The Problem of Pain

It’s October again.

I know, I know–a truly revolutionary statement. October carries with it it’s own dignified sense of autumn, distinct from September’s gentle turning and a far cry from the bite of November’s march into winter. October is falling leaves and The Love Song of J. Alfred Prufrock; it’s bundle-up weather and early evenings, pots of cinnamon tea and hand-knit socks. It’s also become my month of endings, of death.

I think about death a lot.

There is a point in every child’s life where they come up against the truth of mortality: perhaps they lose a family member, or they see an animal die. It’s formative, necessary even, to the development and understanding of a person as they age– that knowledge that everything is temporary. But I cannot remember a time in my life where I wasn’t acutely aware of death. Even before I tangibly encountered it, I knew what it was– who she was. I’ve never feared death; rather, I’ve always found myself somewhat fascinated by it, evident in everything from my reading and writing preferences to the way I’m forever identifying with fictional personifications of it, either male or female (my favourite to date have been Neil Gaiman’s Death from Sandman and a friend’s interpretation in a recent theatrical production of Everyman, in case you were wondering). This preoccupation with the subject has over the years become a close acquaintance with the lady herself, which brings me back to October, and into the subject of pain.

Pain reminds me somewhat of a child, not entirely without sympathy: he remains to sit with those left behind once Death has moved on. You will find him there, by the coffin, the closed door, the empty closet, his grey dog Grief lying unleashed and close at his heels. October, death, and pain have come hand-in-hand this year more than ever, and I’ve spent a lot of time searching for a way to express it all in words. Not a day into the month and I found myself finally ending a long, tumultuous, complicated, abusive relationship with my father. The day after that, a relationship was ended with me.

In his book The Problem of Pain, C. S. Lewis discusses the fact that there is no “unimaginable sum of human misery,” saying that “there is no such thing as a sum of suffering, for no one suffers it. When we have reached the maximum that a single person can suffer, we have, no doubt, reached something very horrible, but we have reached all the suffering there ever can be in the universe.”

Why then do I feel like I’m bearing the pain of three people?

My poor relationship with my father only ever complicated and warped my image of and relationships with men, while also tearing a sizeable hole in my relationship with a God who’s chief attribute of love is most often described in paternal terms. The decision and ability to finally relinquish the endless and impossible struggle of sufficiency enough for my father has opened a door to finally move on past all the cruel words cluttering my mind in his voice. The decision wasn’t easy and it certainly wasn’t quick: it took years to reach and several sleepless nights to choose. To be broken up with unexpectedly barely a day later took what was already fractured and shattered it completely.

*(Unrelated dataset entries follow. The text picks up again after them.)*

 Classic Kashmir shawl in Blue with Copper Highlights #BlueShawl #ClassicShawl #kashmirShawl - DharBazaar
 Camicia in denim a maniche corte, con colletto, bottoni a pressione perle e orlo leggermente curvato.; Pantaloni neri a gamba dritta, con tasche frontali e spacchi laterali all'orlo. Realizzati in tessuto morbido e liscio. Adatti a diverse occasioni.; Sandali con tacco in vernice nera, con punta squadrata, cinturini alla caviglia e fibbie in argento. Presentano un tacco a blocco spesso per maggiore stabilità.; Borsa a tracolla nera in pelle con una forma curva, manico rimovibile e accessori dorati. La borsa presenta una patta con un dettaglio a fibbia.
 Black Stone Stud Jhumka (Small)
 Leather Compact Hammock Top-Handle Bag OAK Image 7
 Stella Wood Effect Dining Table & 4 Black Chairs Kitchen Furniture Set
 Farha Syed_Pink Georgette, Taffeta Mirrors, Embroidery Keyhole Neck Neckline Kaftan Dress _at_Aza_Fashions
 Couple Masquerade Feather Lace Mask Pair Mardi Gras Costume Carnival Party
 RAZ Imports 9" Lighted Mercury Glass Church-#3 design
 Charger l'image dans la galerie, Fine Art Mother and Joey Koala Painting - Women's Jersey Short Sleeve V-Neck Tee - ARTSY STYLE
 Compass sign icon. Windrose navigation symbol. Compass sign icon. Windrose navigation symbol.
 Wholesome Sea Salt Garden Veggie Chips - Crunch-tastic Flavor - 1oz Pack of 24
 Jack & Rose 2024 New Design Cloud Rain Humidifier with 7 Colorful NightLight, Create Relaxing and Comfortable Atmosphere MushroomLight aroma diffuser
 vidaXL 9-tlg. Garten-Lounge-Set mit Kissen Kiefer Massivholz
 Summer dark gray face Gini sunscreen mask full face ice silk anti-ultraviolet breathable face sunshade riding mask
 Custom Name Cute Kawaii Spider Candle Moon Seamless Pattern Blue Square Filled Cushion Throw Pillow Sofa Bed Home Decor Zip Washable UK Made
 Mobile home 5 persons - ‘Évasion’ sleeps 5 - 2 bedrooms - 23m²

I’m discovering that over the past few months I’ve somehow forgotten how to be alone. The independence so hard-wired into my system, strengthened by months spent navigating the streets of New York City on after high school, then sharpened as I moved halfway across the country for school seems a lifetime away, so easily obliterated by a single summer as I find myself in the position of relearning how to operate independently, how to pass my time on my own, how to savour solitude once more. I never used to notice an absence, but now absence is all I feel. I wake up every morning to begin regathering all the fragments once more, pieces to a puzzle that I can’t seem to assemble.

Lewis later goes on to write “Mental pain is less dramatic than physical pain, but it is more common and also more hard to bear. The frequent attempt to conceal mental pain increases the burden: it is easier to say “My tooth is aching” than to say “My heart is broken.”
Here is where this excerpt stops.